§ Supplied data:
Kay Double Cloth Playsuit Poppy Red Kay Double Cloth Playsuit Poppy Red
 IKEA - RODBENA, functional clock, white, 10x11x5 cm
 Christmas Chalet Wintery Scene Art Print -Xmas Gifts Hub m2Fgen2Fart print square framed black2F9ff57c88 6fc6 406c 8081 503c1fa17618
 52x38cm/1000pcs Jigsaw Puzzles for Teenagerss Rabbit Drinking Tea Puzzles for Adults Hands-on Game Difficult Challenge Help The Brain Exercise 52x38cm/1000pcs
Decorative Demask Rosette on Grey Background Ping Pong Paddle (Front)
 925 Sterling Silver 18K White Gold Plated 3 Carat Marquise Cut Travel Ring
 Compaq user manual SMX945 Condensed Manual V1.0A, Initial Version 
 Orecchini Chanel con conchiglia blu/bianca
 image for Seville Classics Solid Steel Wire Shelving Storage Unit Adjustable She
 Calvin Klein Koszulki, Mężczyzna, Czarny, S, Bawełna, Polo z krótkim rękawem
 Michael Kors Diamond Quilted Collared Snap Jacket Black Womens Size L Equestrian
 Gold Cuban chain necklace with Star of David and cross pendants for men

§ Required work: Go over the listing above and copy out each line that includes "Gold".

§ Completed exercise:
 925 Sterling Silver 18K White Gold Plated 3 Carat Marquise Cut Travel Ring
 Gold Cuban chain necklace with Star of David and cross pendants for men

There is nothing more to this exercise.